Loading a Model is asynchronous since buffers need to be allocated. Make sure to handle errors when loading.

### Input and Output data

TensorFlow uses _tensors_ as input and output. Since TensorFlow Lite is optimized for fixed-size byte buffers, you are responsible for interpreting the raw data yourself.

Input and output values are passed as `ArrayBuffer`. To inspect tensor shapes, open your model in [Netron](https://netron.app).

For example, the `object_detection_mobile_object_localizer_v1_1_default_1.tflite` model on [tfhub.dev](https://tfhub.dev) has **1 input tensor** and **4 output tensors**:

![Screenshot of netron.app inspecting the model](./img/netron-inspect-model.png)
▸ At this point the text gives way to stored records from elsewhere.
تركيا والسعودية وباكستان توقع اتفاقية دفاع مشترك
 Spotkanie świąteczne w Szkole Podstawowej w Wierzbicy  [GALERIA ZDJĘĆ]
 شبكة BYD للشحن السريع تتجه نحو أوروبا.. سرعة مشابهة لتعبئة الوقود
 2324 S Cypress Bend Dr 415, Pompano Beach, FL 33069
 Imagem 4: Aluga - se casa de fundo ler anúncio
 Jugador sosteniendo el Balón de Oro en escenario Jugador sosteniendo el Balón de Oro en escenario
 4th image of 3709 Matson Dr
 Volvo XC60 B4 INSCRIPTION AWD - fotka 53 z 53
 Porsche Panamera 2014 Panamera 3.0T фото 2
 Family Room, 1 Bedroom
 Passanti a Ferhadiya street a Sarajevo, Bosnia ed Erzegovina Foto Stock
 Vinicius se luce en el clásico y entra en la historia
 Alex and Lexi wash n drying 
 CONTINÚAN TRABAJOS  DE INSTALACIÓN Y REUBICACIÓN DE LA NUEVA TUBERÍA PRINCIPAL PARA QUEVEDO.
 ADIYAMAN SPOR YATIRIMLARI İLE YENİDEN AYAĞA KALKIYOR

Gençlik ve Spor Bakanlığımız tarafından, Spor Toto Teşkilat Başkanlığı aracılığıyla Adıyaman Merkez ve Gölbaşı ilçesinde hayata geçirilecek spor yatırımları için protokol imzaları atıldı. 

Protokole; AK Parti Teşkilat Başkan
In the description on [tfhub.dev](https://tfhub.dev) we can find the description of all tensors:

![Screenshot of tfhub.dev inspecting the model](./img/tfhub-description.png)

From that we know we need a 192 x 192 input image with 3 bytes per pixel (RGB).

#### Usage (VisionCamera)

> [!NOTE]
> The example below targets **VisionCamera v4**. A VisionCamera v5 integration exists but is currently part of a private project — [sponsor Marc Rousavy](https://github.com/sponsors/mrousavy) to get access.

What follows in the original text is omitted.